0

I am trying to understand how this web site is working. There is an input form where you can provide a url. This form returns information retrieved from another site (Youtube). So:

  1. My first and more interesting question is if anybody has any idea how this site retrieve the entire corpus of statements?

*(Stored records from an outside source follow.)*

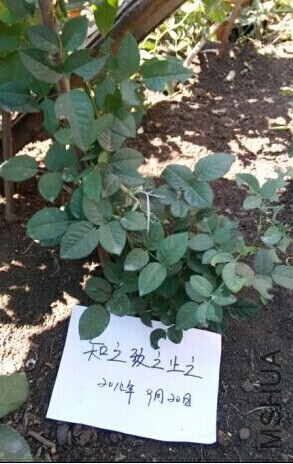 �ۺ츴�ţ����60CM���ۼ�78Ԫ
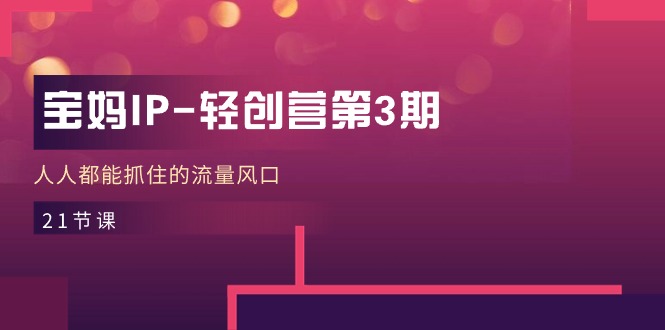 宝妈IP-轻创营第3期，人人都能抓住的流量风口（21节课）-微众资源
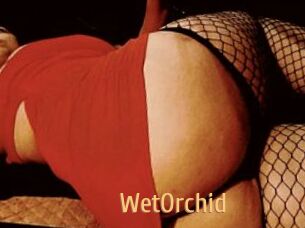 WetOrchid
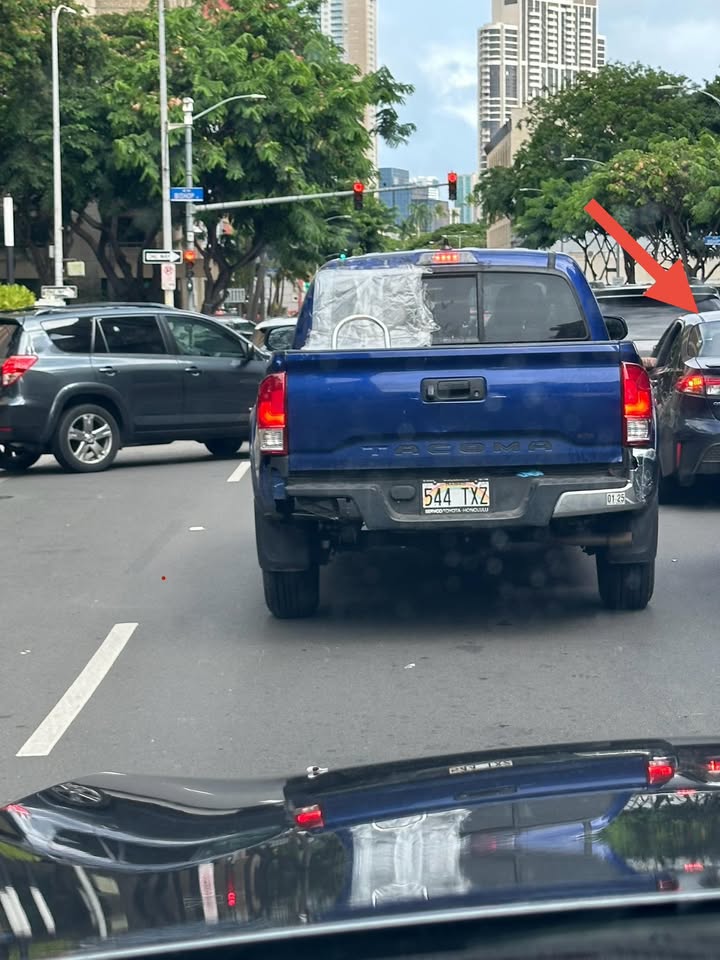 HIT AND RUN - King and Bishop, Honolulu | Stolen Stuff Hawaii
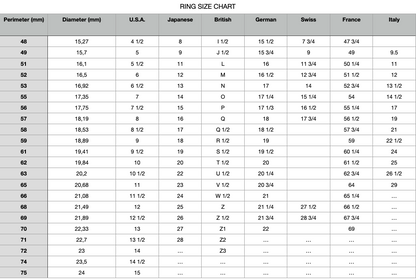 Balance ring Unusual rings Project50g 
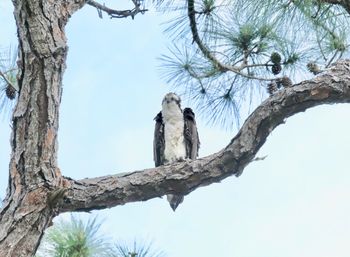 Low angle view of birds perching on tree against sky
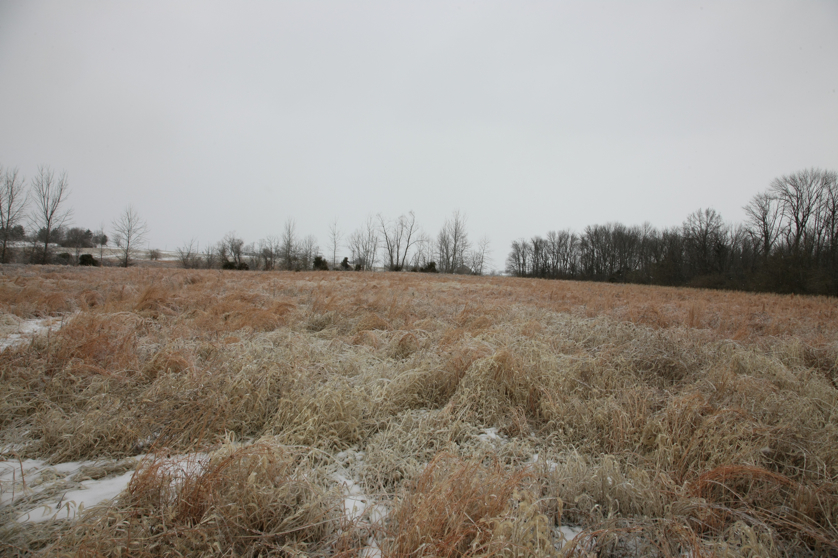 Full Size Image = 4606 K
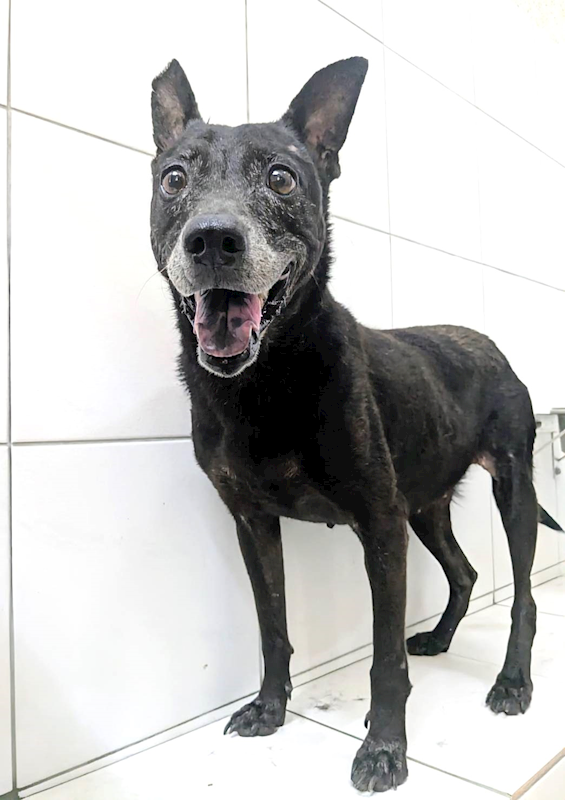 新竹縣動物保護教育園區,編號:419754, 混種犬          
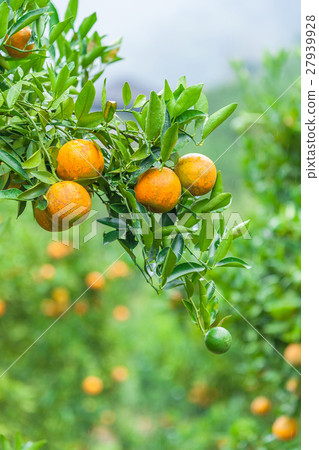 Orange tree - Orange Farm at Chiangmai Orange tree - Orange Farm at Chiangmai 27939928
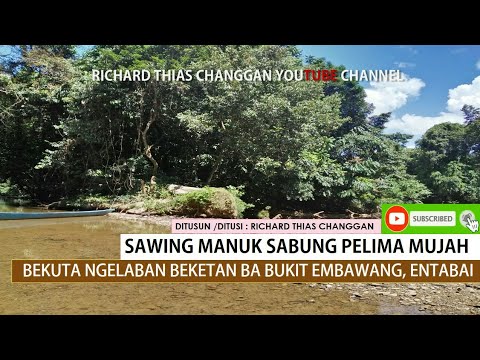 JERITA TUAI Sawing bekota ngelaban Beketan ba Bukit Embawang, Entabai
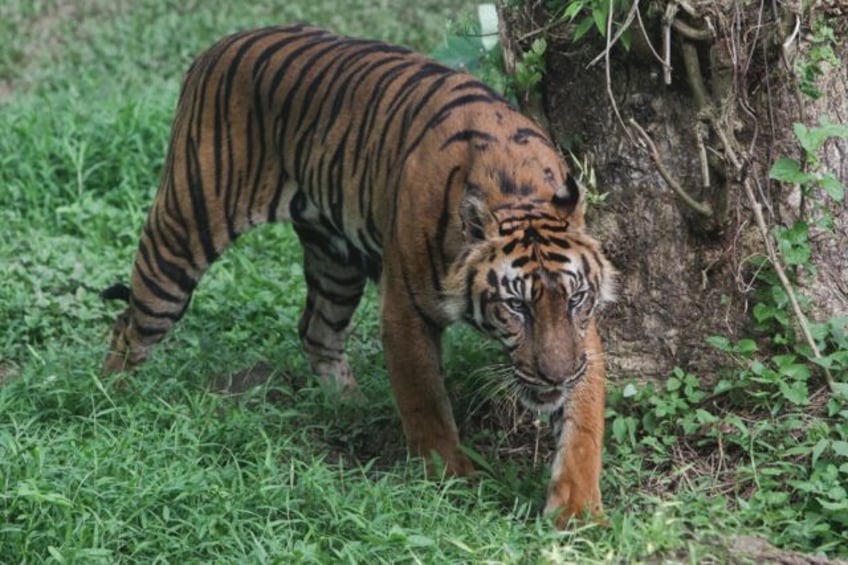 Sumatran tigers are the only endemic tiger species left in existence in Indonesia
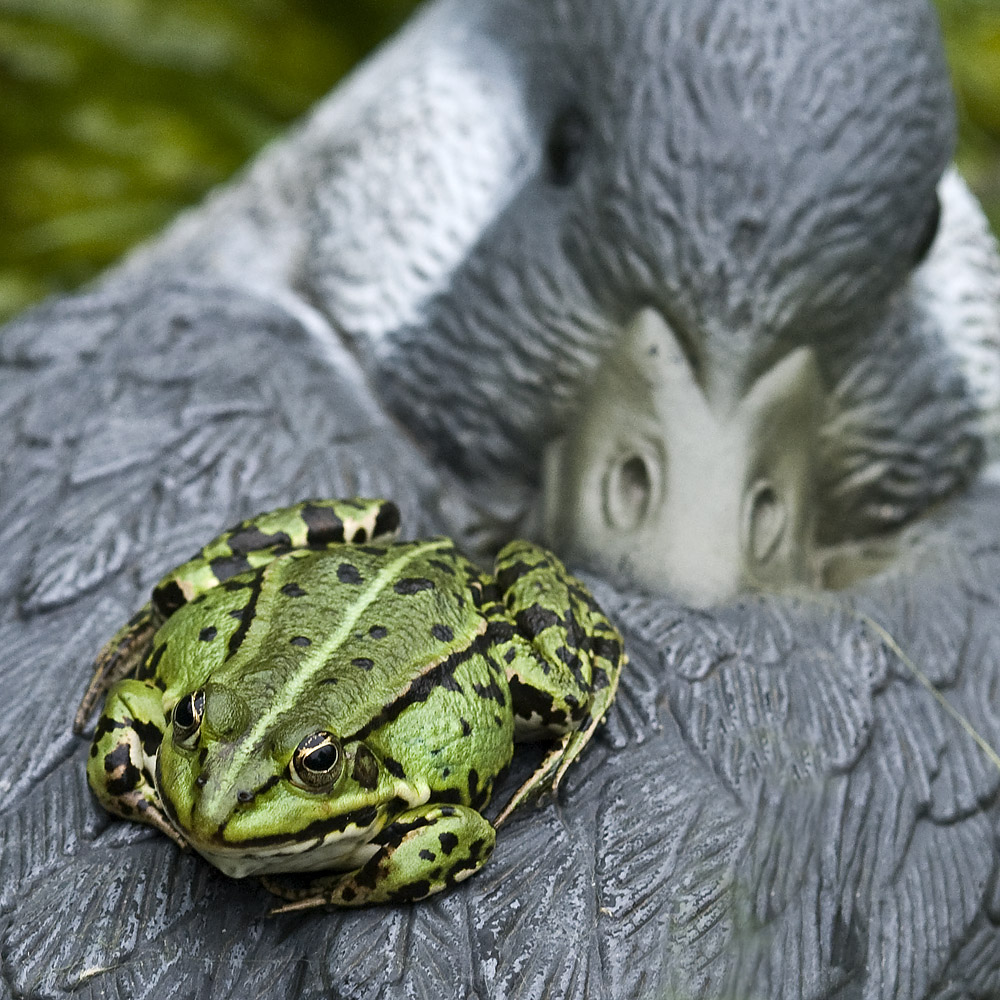 sei kein frosch, ich mag dich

  2. Alternatively, since now I am using the following code:

    from BeautifulSoup import BeautifulSoup
    import json
    
    urlstr = 'http://www.sandracires.com/en/client/youtube/comments.php?v=' + videoId + '&page=' + str(npage)
    url = urllib2.urlopen(urlstr)
    content = url.read()
    soup = BeautifulSoup(content)
    #parse json
    newDictionary=json.loads(str(soup)) 
    
    #print example
    print newDictionary['list'][1]['username']
    

    However, I can not iterate in all pages (which is not happening when I to that manually). I have placed timer.sleep(30) below json but without success. Why is that happening?

Thanks!

Python 2.7.8

Thoth
  • 993
  • 12
  • 36

1 Answers1

0
  1. Probably using the Google Youtube data API. Note that (presently) comments can only be retrieved using version 2 of the API - which has been deprecated. Apparently no support yet in V3. Python clients libraries are available, see https://developers.google.com/youtube/code#Python.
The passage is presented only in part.